Quantonationは、2018年に設立されたアーリーステージ向けの量子技術専門VCで、フランスと米国に拠点を構える。これまでに35社以上のスタートアップに対し、総額2億3,000万ユーロ超の投資実績を有するほか、カナダやフランス、イタリアで量子スタートアップ向けのインキュベーション施設も展開。量子産業の成長を支援してきた。
一方、デロイト トーマツはベンチャーサポート事業を通じ、量子領域のスタートアップ支援に注力。運営する「Morning Pitch」では、量子コンピューティング特集を複数回実施し、計7社の日本発スタートアップを紹介。2024年1月には“Quantum Harbor”プロジェクトを始動し、創薬や素材開発など応用領域における事業創出、量子人材の育成、国内外プレイヤーとの連携に取り組んでいる。
今回の提携を通じ、両者は以下のような取り組みを検討している:
- スタートアップ支援プログラムの共同運営:Quantonationの国際的な知見とデロイト トーマツの国内実績を融合し、量子スタートアップ向けアクセラレーション・インキュベーションプログラムを展開
- 日本発スタートアップの海外展開支援:グローバルなネットワークを活用し、日本企業の国際市場でのプレゼンス拡大を後押し
- 海外プレイヤーの日本参入促進:投資や共創を目指す海外企業と日本の量子スタートアップとの橋渡しを行い、国内での社会実装を加速
- 量子技術による地方創生:地域の大学・企業と連携したインキュベーションの導入を検討し、自治体とともに量子技術の社会実装を目指す
量子コンピュータ市場は現在、テック大手に加え、高度な技術力を持つスタートアップの参入により活況を呈している。10億ドル超の企業価値を持つ“量子ユニコーン”も登場しており、日本でも製造、金融、自動車、製薬など複数の産業で量子技術への関心が高まりを見せている。
一方で、日本のスタートアップは資金調達や海外展開の面で課題を抱えており、世界と戦えるプレイヤーの育成にはグローバルなVCとの連携が不可欠だ。
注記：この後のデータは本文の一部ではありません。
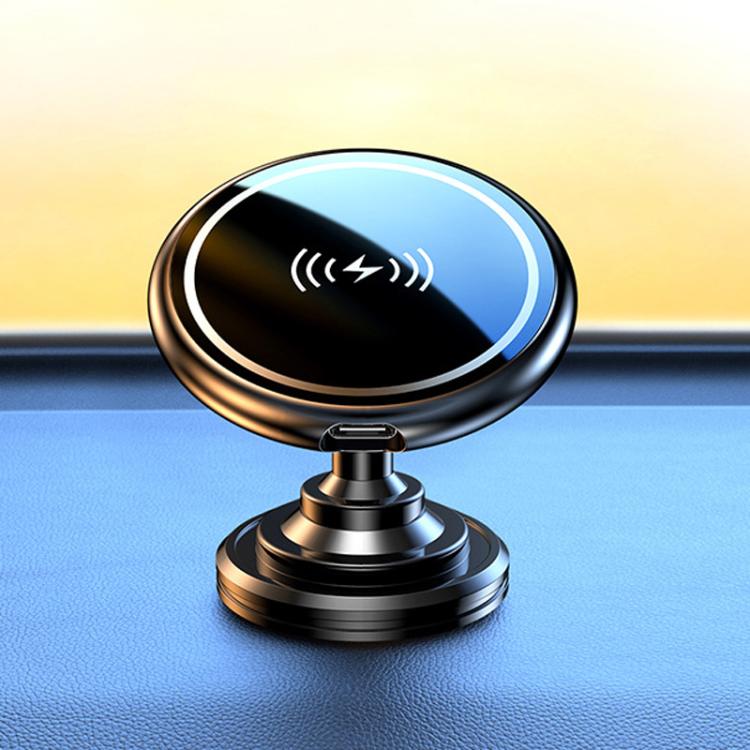 15W Car Magnetic Wireless Charging Phone Holder Alloy Base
こうした背景のもと、今回のデロイト トーマツとQuantonationの協業は、日本発の量子ユニコーン創出に向けた大きな一歩となる。
日本政府も「量子産業化元年」と位置付けた2025年を契機に、量子分野の利用者数1,000万人、量子由来の生産額50兆円、ユニコーン創出などの目標を掲げており、民間との連携強化が一層求められている。